Question

If f(x) = $2tan^{-1}x + sin^{-1}(\frac{2x}{1 + x^2})$, x > 1, then f(5) is equal to

• A. $\pi/2$
• B. $\pi$
• C. $4tan^{-1}(5)$
• D. $tan^{-1}(\frac{65}{156})$

Answer 1

Answer: (B)

$\pi$

Answer 2

The given function is $f(x) = 2tan^{-1}x + sin^{-1}(\frac{2x}{1 + x^2})$ for $x > 1$.

We use the identity for $sin^{-1}(\frac{2x}{1 + x^2})$ in terms of $tan^{-1}x$. The general identity is:

$sin^{-1}(\frac{2x}{1 + x^2}) = \begin{cases} 2tan^{-1}x & \text{if } |x| \le 1 \\ \pi - 2tan^{-1}x & \text{if } x > 1 \\ -\pi - 2tan^{-1}x & \text{if } x < -1 \end{cases}$

Given that $x > 1$, we use the second case of the identity: $sin^{-1}(\frac{2x}{1 + x^2}) = \pi - 2tan^{-1}x$ for $x > 1$.

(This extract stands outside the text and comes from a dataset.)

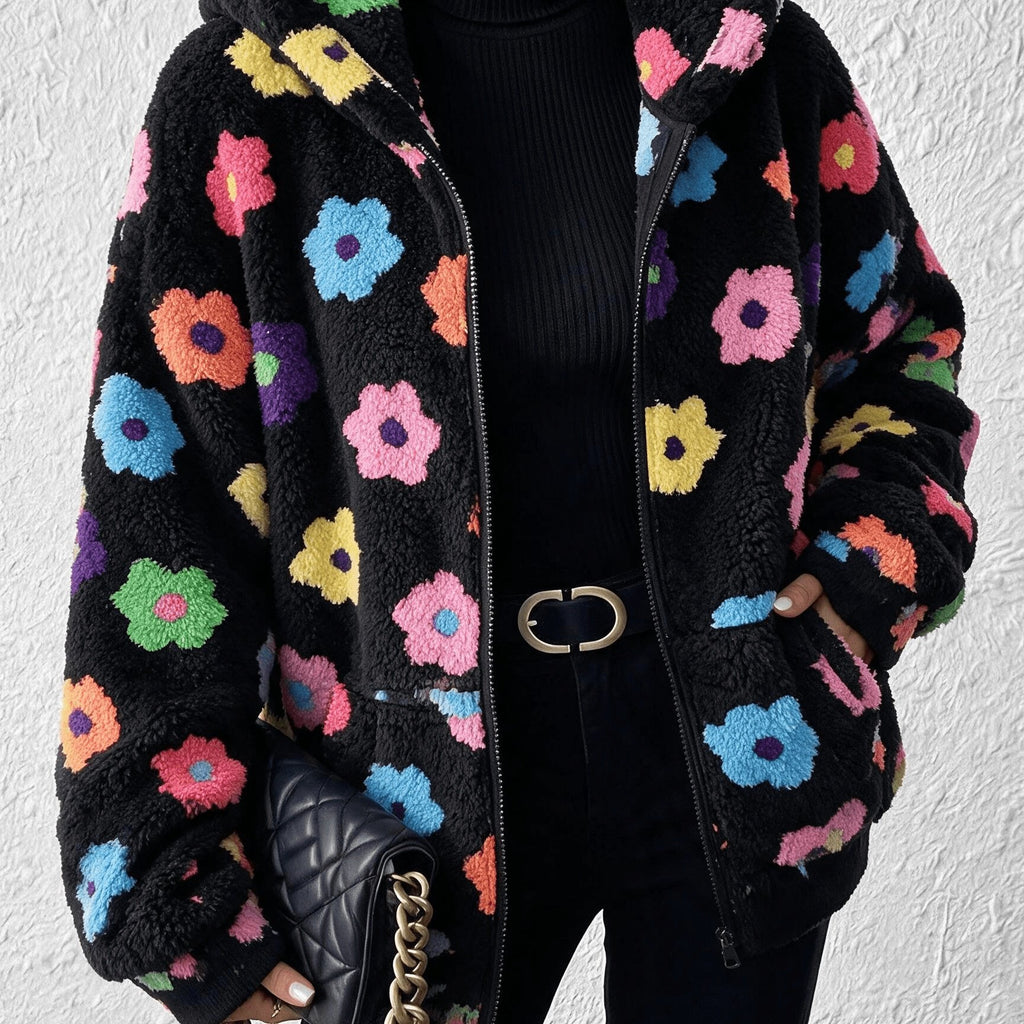 Manteau grande taille à imprimé fleuri, capuche, chaleur d'hiver — matière : polyester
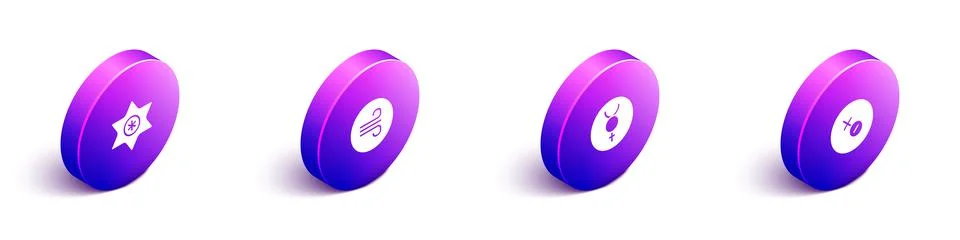 Set Isometric Falling star, Windy weather, Symbol Mercury and Venus symbol icon Stock Illustration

Substitute this into the expression for $f(x)$:

$f(x) = 2tan^{-1}x + sin^{-1}(\frac{2x}{1 + x^2})$

For $x > 1$, this becomes:

$f(x) = 2tan^{-1}x + (\pi - 2tan^{-1}x)$

$f(x) = 2tan^{-1}x + \pi - 2tan^{-1}x$

$f(x) = \pi$

So, for all $x > 1$, the function $f(x)$ has a constant value of $\pi$.

We need to find $f(5)$. Since $5 > 1$, the value of $f(5)$ is $\pi$. Therefore, $f(5) = \pi$.